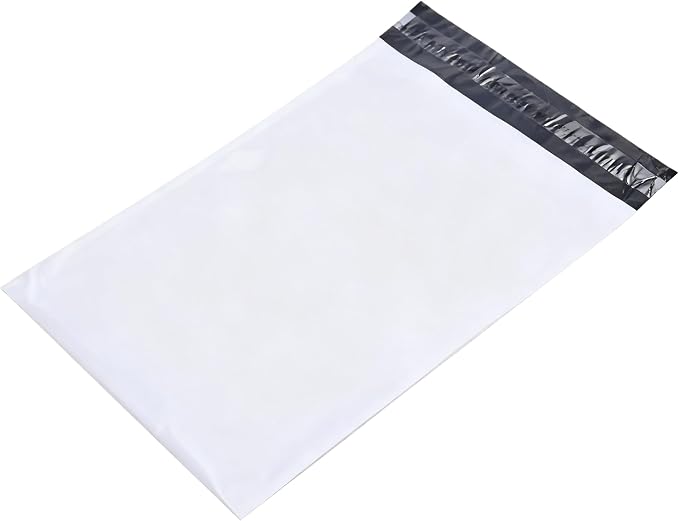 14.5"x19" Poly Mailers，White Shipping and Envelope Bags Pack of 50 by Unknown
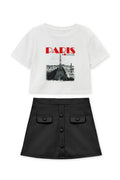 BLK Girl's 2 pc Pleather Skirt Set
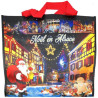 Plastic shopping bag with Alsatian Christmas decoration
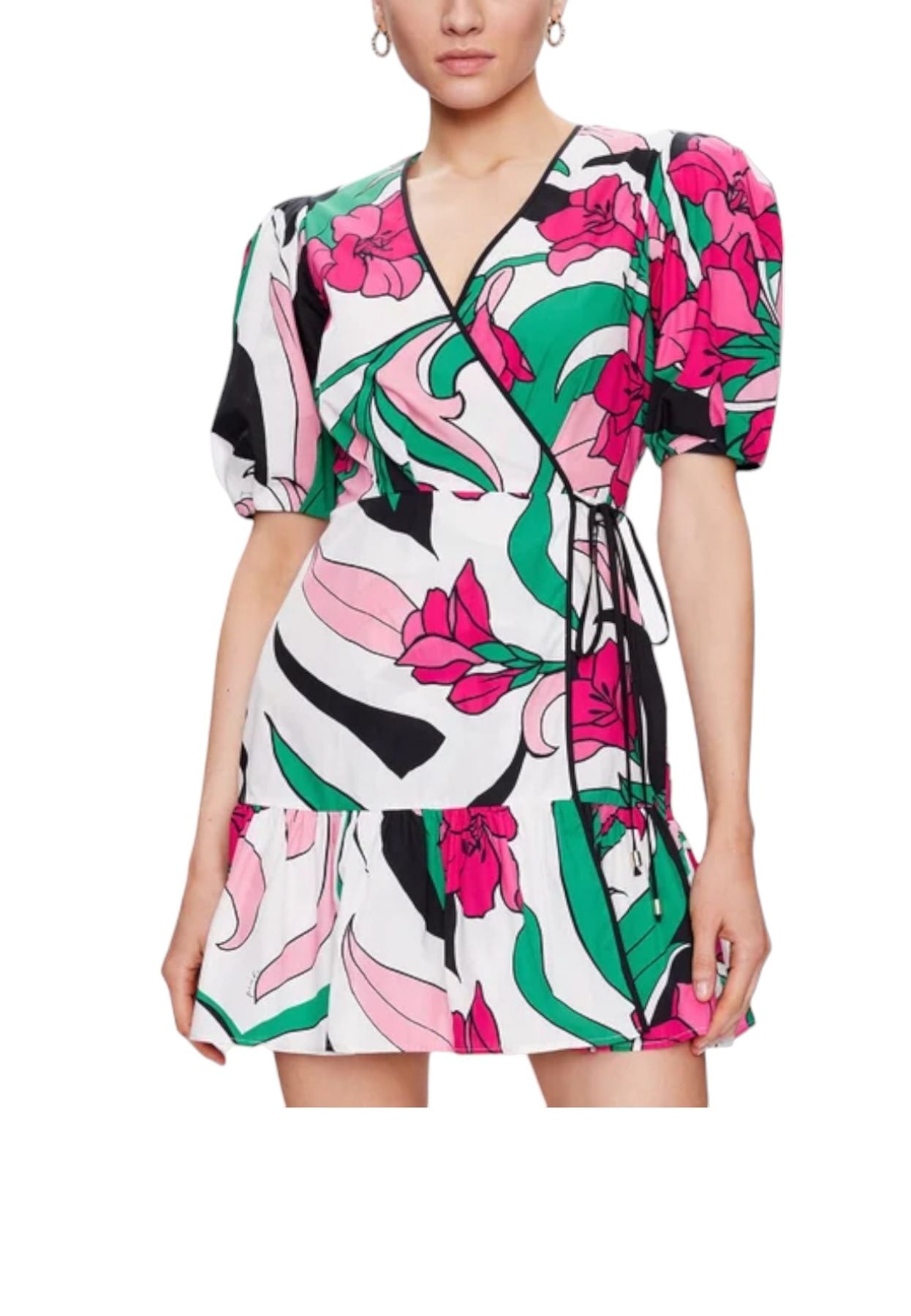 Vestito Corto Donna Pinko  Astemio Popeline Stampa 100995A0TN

--

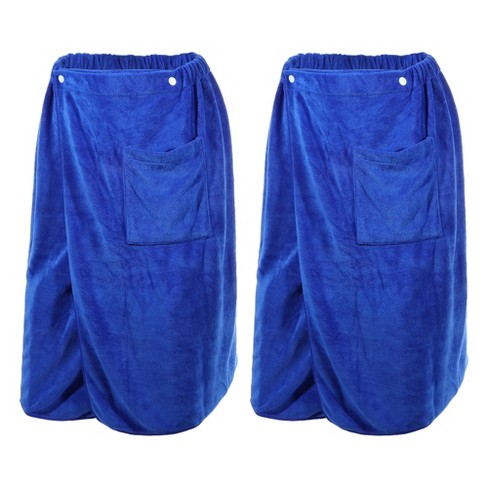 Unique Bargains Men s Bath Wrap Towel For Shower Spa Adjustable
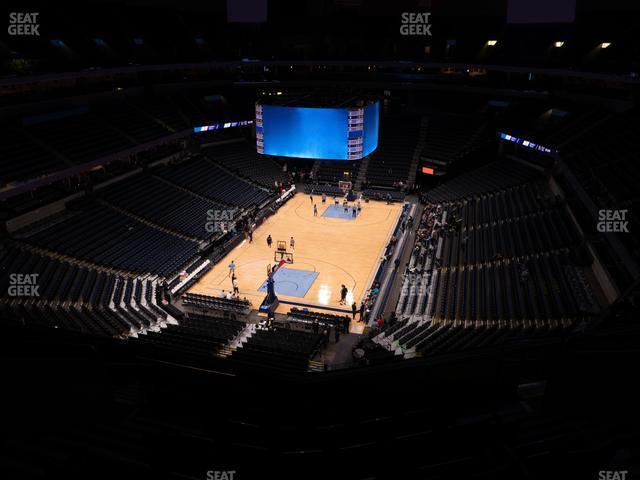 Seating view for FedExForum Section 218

What you need to do - If a picture sits between the line containing "BLK Girl's 2 pc Pleather Skirt Set" and the line containing "Vestito Corto Donna", leave it out, and return the lines of that range above exactly, both ends included.

Written answer -
 BLK Girl's 2 pc Pleather Skirt Set
 Plastic shopping bag with Alsatian Christmas decoration
 Vestito Corto Donna Pinko  Astemio Popeline Stampa 100995A0TN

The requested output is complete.